Concept

Élysée Palace

Summary
The Élysée Palace (Palais de l'Élysée, palɛ d(ə) lelize) is the official residence of the President of the French Republic. Completed in 1722, it was built for nobleman and army officer Louis Henri de La Tour d'Auvergne, who had been appointed Governor of Île-de-France in 1719. It is located on the Rue du Faubourg Saint-Honoré near the Champs-Élysées in the 8th arrondissement of Paris, the name Élysée deriving from the Elysian Fields, the place of the blessed dead in Greek mythology. Important foreign visitors are hosted at the nearby Hôtel de Marigny, a palatial residence.

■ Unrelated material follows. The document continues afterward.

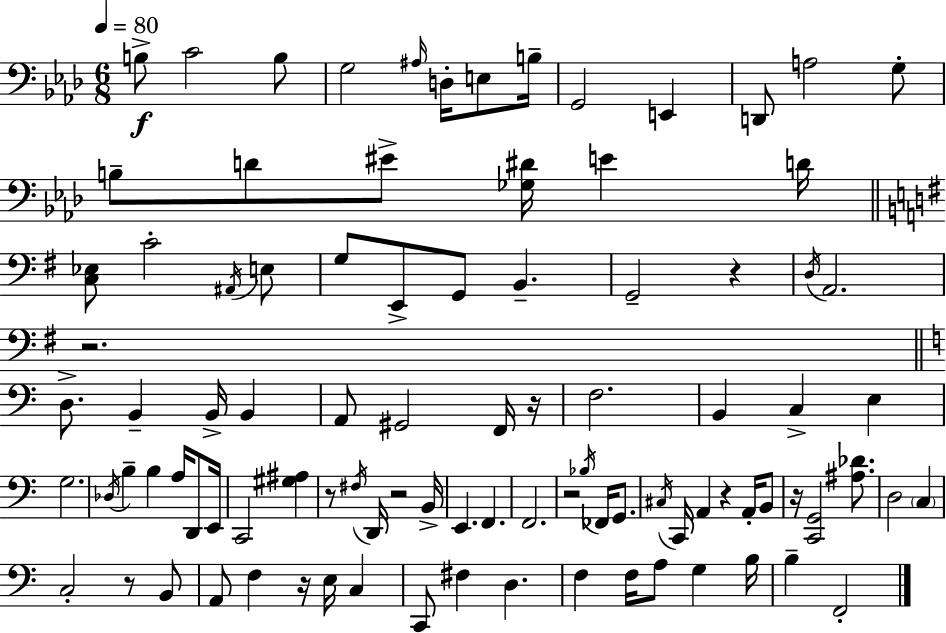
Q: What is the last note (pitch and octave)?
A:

The palace has been the home of personalities such as Madame de Pompadour (1721–1764), Nicolas Beaujon (1718–1786), Bathilde d'Orléans (1750–1822), Joachim Murat (1767–1815) and Charles Ferdinand, Duke of Berry (1778–1820). On 12 December 1848 under the Second Republic the French Parliament passed a law declaring the building the official residence of the President of France. The Élysée Palace, which contains the presidential office and residency, is also the meeting place of the Council of Ministers, the weekly meeting of the Government of France presided over by the President of the Republic. The architect Armand-Claude Mollet possessed a property fronting on the road to the village of Roule, west of Paris (now the Rue du Faubourg Saint-Honoré), and backing onto royal property, the Grand Cours through the Champs-Élysées. He sold this in 1718 to Louis Henri de La Tour d'Auvergne, Count of Évreux (families: Dukes and Princes of Bouillon and Sedan: La Marck | von der Marck), with the agreement that Mollet would construct an hôtel particulier for the count, fronted by an entrance court and backed by a garden. The Hôtel d'Évreux was finished and decorated by 1722, and though it has undergone many modifications since, it remains a fine example of the French neo-classical style. At the time of his death in 1753, Évreux was the owner of one of the most widely admired houses in Paris, and it was bought by King Louis XV as a residence for the Marquise de Pompadour, and his mistress.